Photo reportage commissioned by The New York Times on how the Dutch, like many people elsewhere, are living longer, often alone. As they do, courses that teach them not only how to avoid falling, but how to fall correctly, are gaining popularity. This one, called Vallen Verleden Tijd course, roughly translates as “Falling is in the past.” Falling for the older adults can be a serious thing. Aging causes the bones to get brittle, and broken ones do not heal as readily. Across the Netherlands, 3,884 people over the age of 65 died as result of a fall in 2016, and 96,200 required emergency medical care because of one. The number of fatalities rose 38 percent from just three years ago. Experts say the rise could reflect the overall aging of the population, but also factors such as the growing use of certain medications or general inactivity.
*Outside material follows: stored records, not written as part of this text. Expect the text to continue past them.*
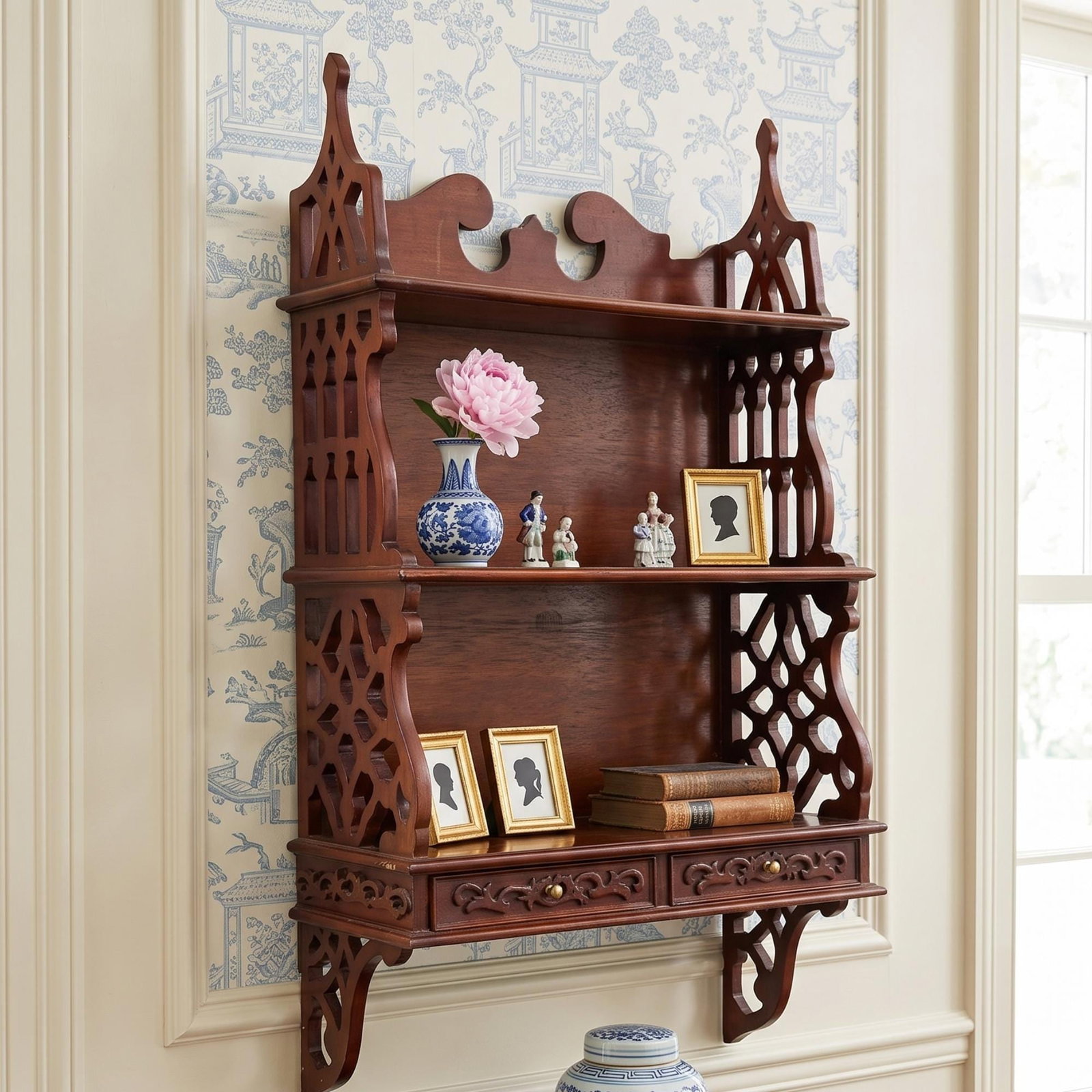 1970 Large Wood Wall Shelf Mahogany Chinoiserie Chippendale Etagere Curating Living Room: This 1970s Wood Chippendale wall shelf is a mahogany-toned, three-tier fretwork etagere for curating ginger jars, books, and collected objects. Chinese Chippendale wall shelf with three graduating dis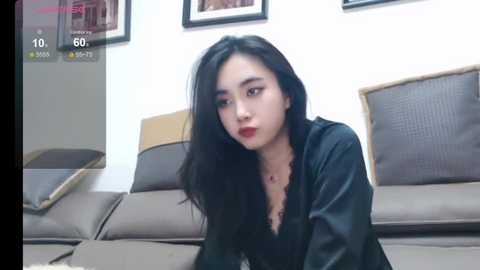 Media: A video of an East Asian woman with long black hair, fair skin, and red lipstick, wearing a black jacket, sitting on a beige sofa in a modern living room with framed pictures on the white wall.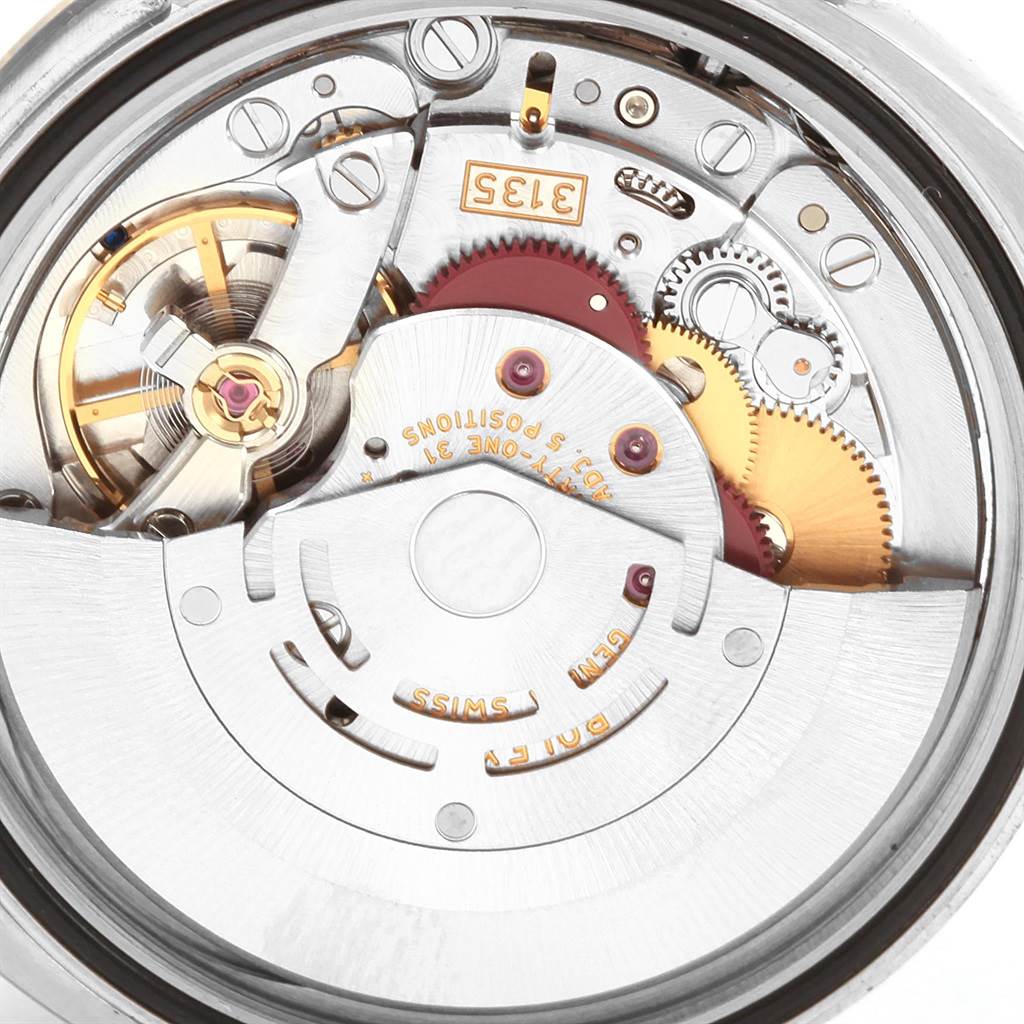 The image shows an up-close view of the movement mechanism of the Rolex Turn-o-Graph 116264 Men
s Stainless Steel Black Dial 116264 Men
s Stainless Steel Black Dial watch.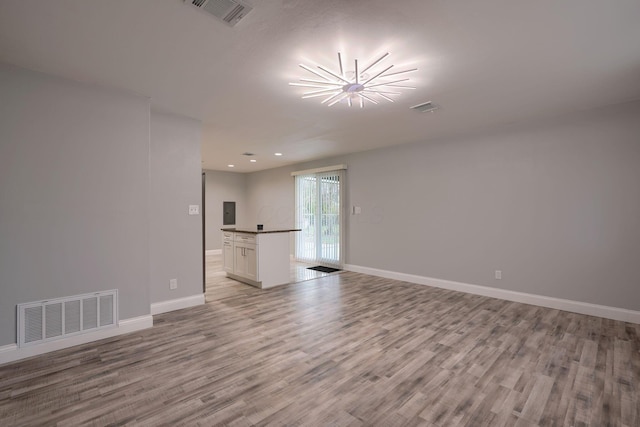 unfurnished living room with light wood-type flooring and a chandelier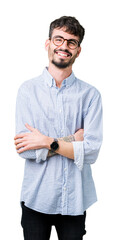 Wall Mural - Young handsome man wearing glasses over isolated background happy face smiling with crossed arms looking at the camera. Positive person.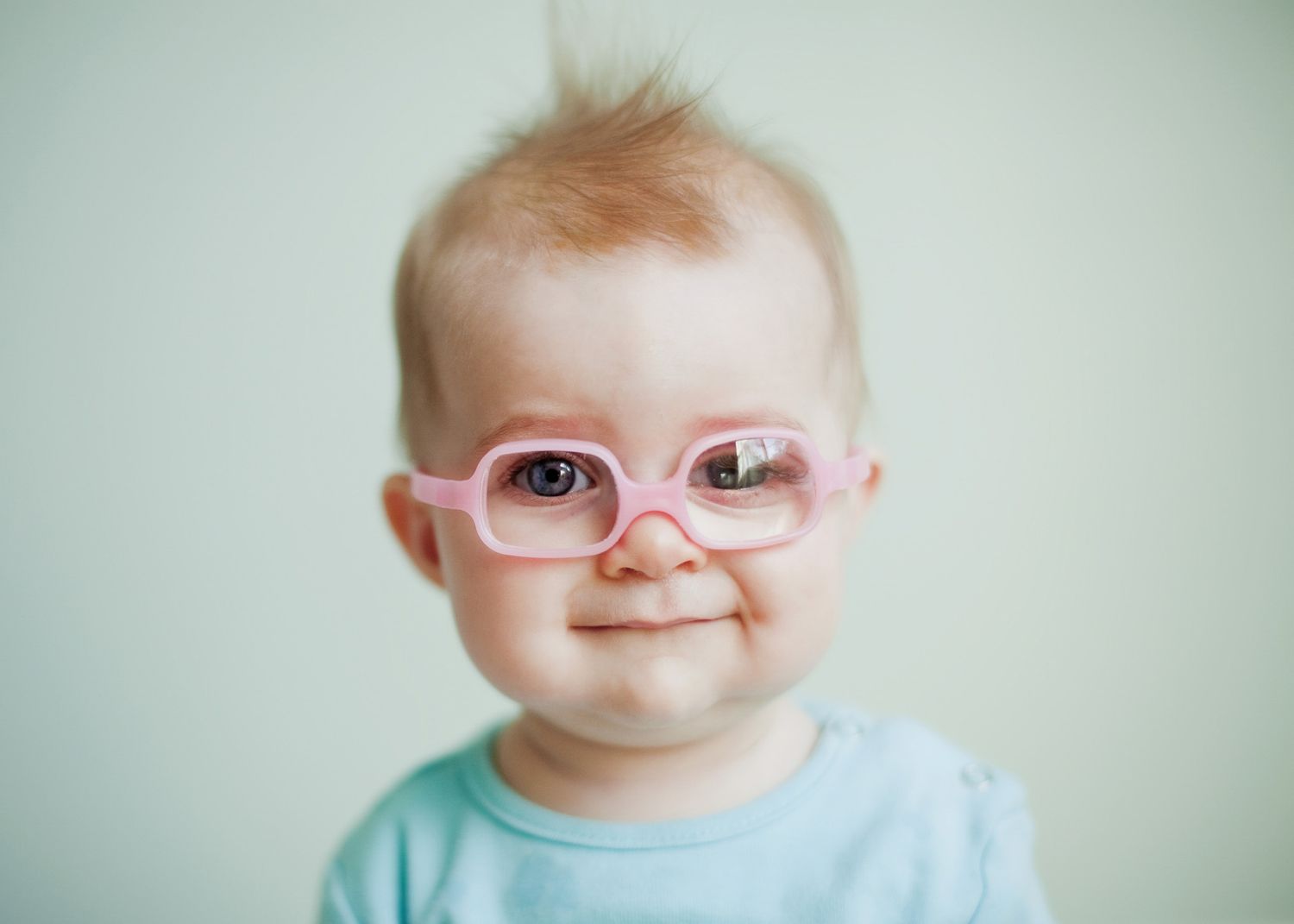 Baby wearing pink glasses smiles sweetly in close-up portrait against light background.
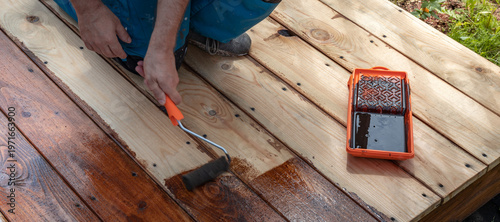 Worker applies wood stain with roller on outdoor deck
A photo reportage commissioned by Getty Images in the small village of Santa Marta de Ribarteme, where every year one of the most curious pilgrimages in Spain is held. Starting after a mass at the village's parish church, believers grateful for the miracle of being saved from death go on a pilgrimage in a procession of coffins. Carried by friends and relatives and while 'Virgin Santa Martha, star of the North, we bring you those who saw death' is song out loud, the pilgrim’s process from the cemetery back to the church to round it together with the parish church statue of Saint Marta de Ribarteme, the patron Saint of resurrection.
Photo reportage commissioned by Dutch newspaper NRC Handelsblad and Open Society Foundations on Villacañas where everything is different now from then 10 years ago when the village in the arid plain under Madrid was part of Spain’s middle class, enjoying high wages and permanent jobs. Within one generation, from the 80's to 2006, Villacañas grew to a small bustling industry town. During these construction boom years the majority of the doors used within the newly built developments in Spain were made in Villacañas. Approximately seven million doors a year employing a workforce of almost 5,700 people in the many factories. Until the housing bubble burst and no one needed a new door. Villacañas is typical for many former buoyant industrial Spanish towns, continuing to struggle with high levels of long-term unemployment.